The weak and flailing story of Morbius lacks any sense of direction or authority as Dr Morbius searches for a cure to his lifelong illness, and finds success in a gland of a vampire bat, turning him into a vampire in the process.
In the process of losing humanity, Morbius fights his morality between blood, and the blue artificial blood introduced in the exposition dump during the opening act, whilst fighting his friend Lucien (Matt Smith) who digested his spare vampire gland serum.
Matt Smith’s role as Milo, renamed from Lucien by Morbius, is by far the best part of this film. Smith absolutely oozes charisma, and plays an antagonistic role with ease similar to his performance in Last Night in Soho.
While his performance is also heavily remanent of his role in Doctor Who, Smith outshines his co-star, and delivers every line with inflection and purpose, as opposed to Leto’s monotonous dead-behind-the-eyes delivery.
Leto comparably spends the film as an oppurtunity to look like a younger version of musician Tim Minchin. However, unlike Minchin, Leto fails to make any mark at all throughout the film – both as a performer and in his vampiric role.

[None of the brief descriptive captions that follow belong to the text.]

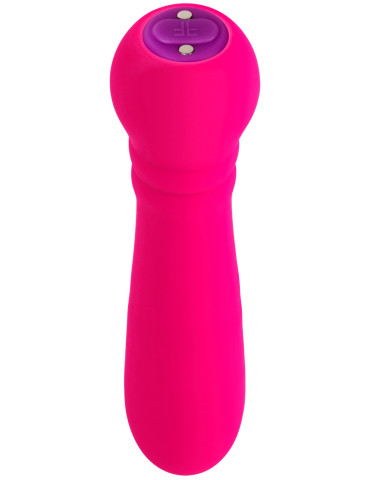 Mini vibrátor Ultra Bullet Pink , FemmeFunn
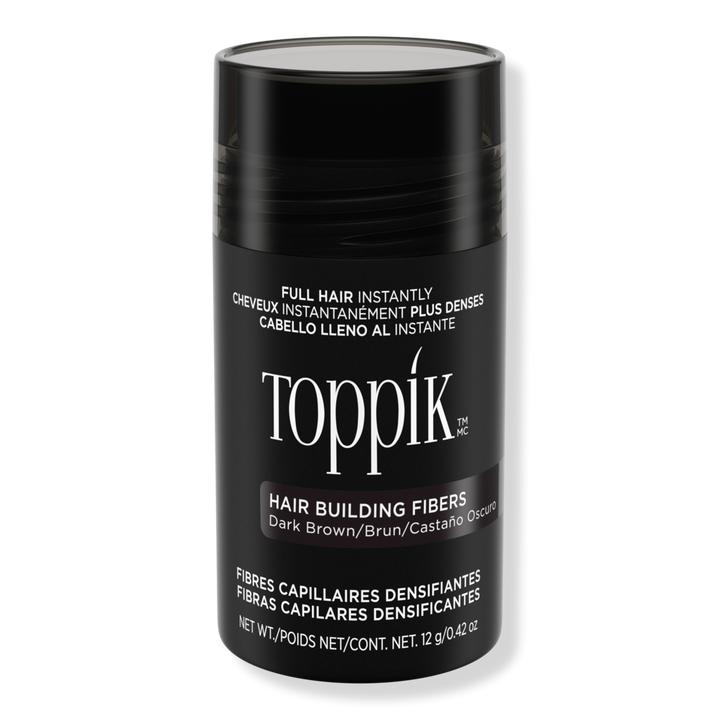 Toppik Hair Building Fibers - Dark Brown #1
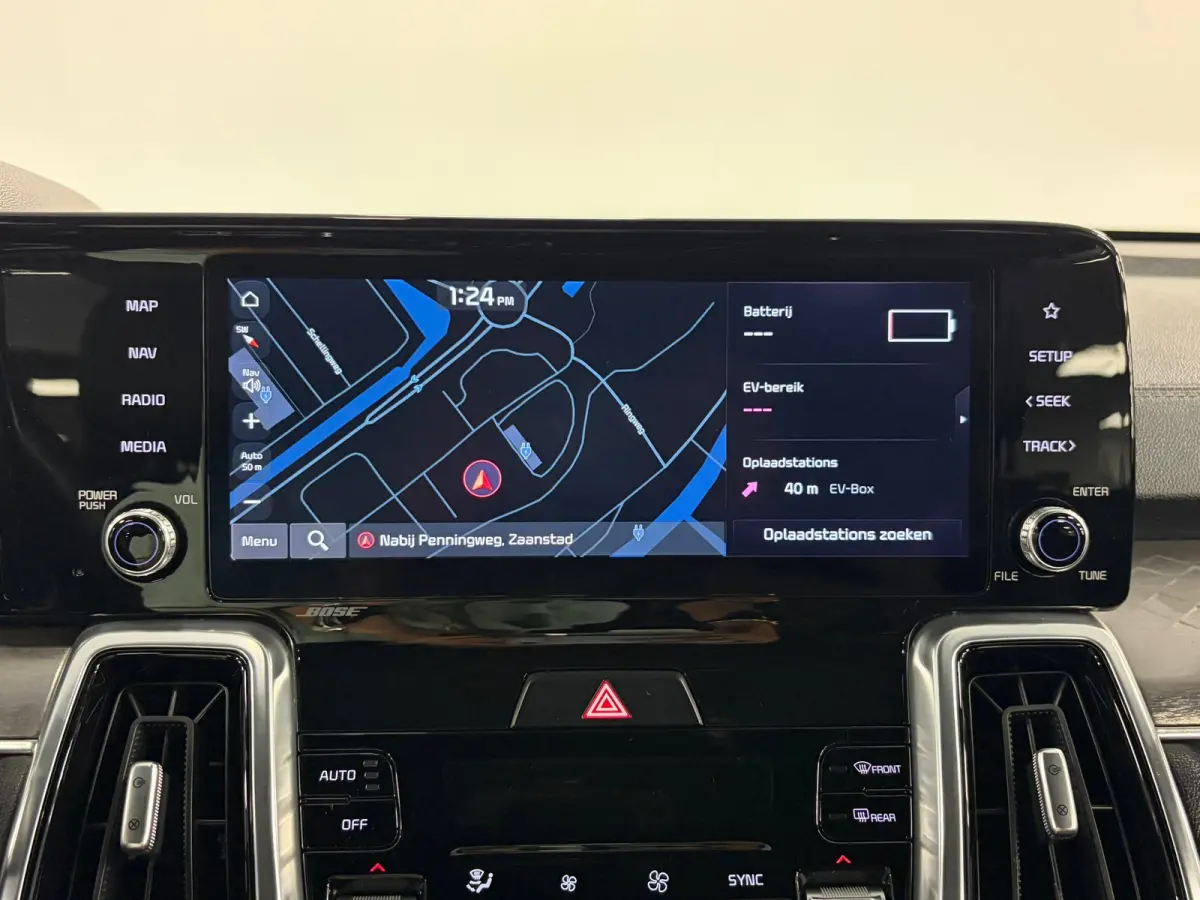 1.6 T-GDI Plug-in Hybrid 4WD ExecutiveLine*Head-up*Winter-Pakket*Leder*Trekhaak*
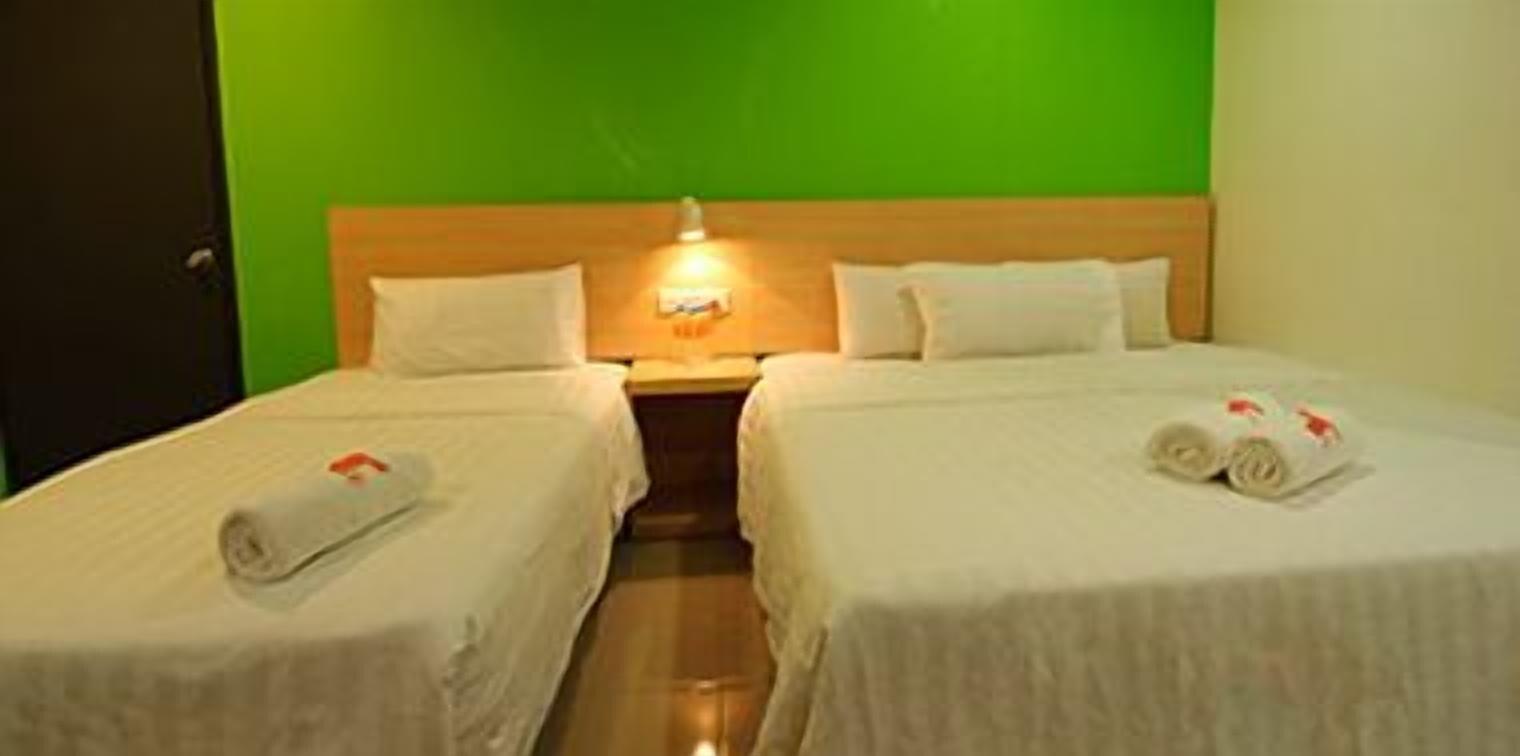 T Hotel Changlun Buitenkant foto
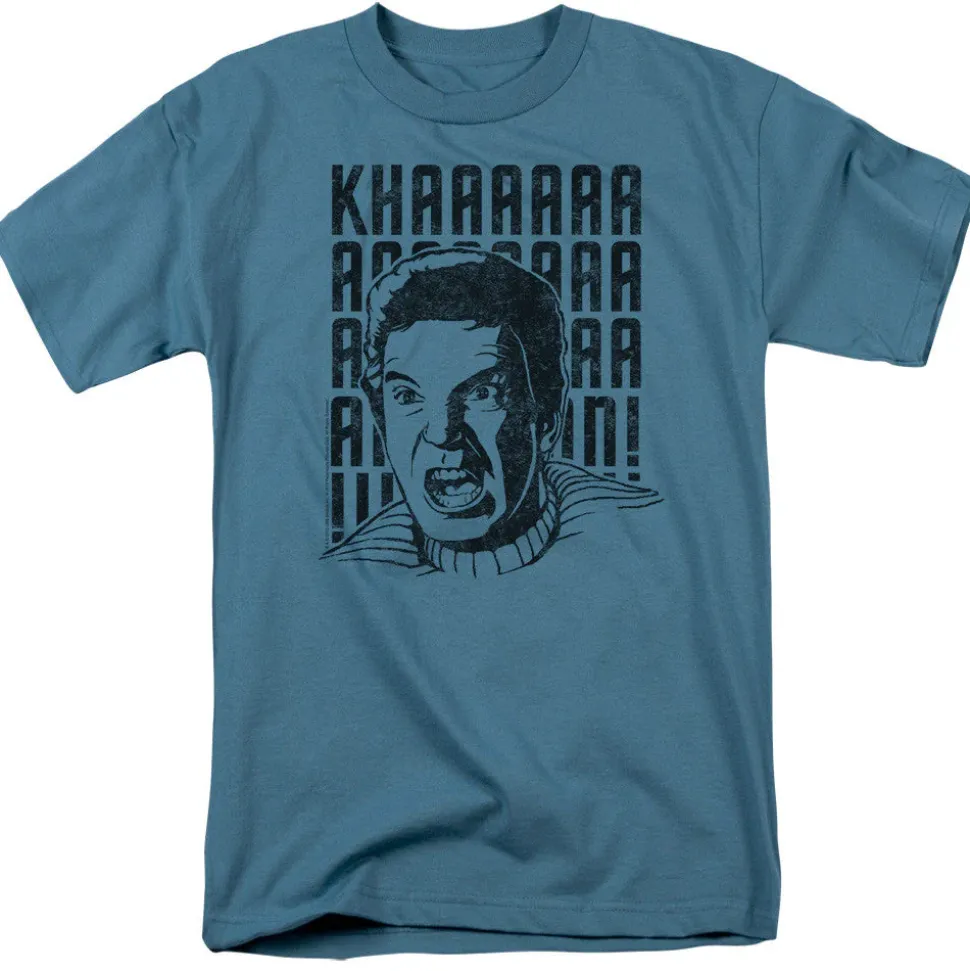 Star Trek - Khan Yell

Whether due to the PG-13 rating in the States, or Sony aiming to market the film to a wider audience, this bloodsucker film plays it astoundingly safe in terms of violence.
Most comically, during a fight scene, Leto performs the action of attacking a henchman, slicing his throat. No blood appears. No sign of injury, just the sound of squelching to insinuate blood.
Another fight entirely has enough distance between Morbius and the stunt actor that it looks as if Leto was practising social distancing before the legal necessity.
Unfortunately, with this being the second attempt for the Thirty Seconds to Mars musician in the superhero genre involving bats, his previous being the Joker in Suicide Squad, I begin to question if Leto is beating a dead horse, or bat, here in the hopes of finding some success.
Similarly, the lack of attention from the production team in creating a believable realm had me at times struggling to accept what I was watching.
An obvious shot of the London Underground is meant to be the New York Subway system, but anyone could tell it was the disused underground station used in V for Vendetta, Sherlock and Skyfall.
While this may sound entirely critical, it was enough to make me notice the error, and though I wasn’t enjoying the film, it added a further level of annoyance as it could have been resolved with foreplanning.
The lack of foreplanning continues, with Michael Keaton, revealed in the trailer to be MCU’s Vulture, not actually starring in the film at all until the post-credits.
Morbius consequently results in audiences wishing they were undead as poor CG and dialogue drain their life quicker than the runtime, even if Matt Smith softens the killer blow.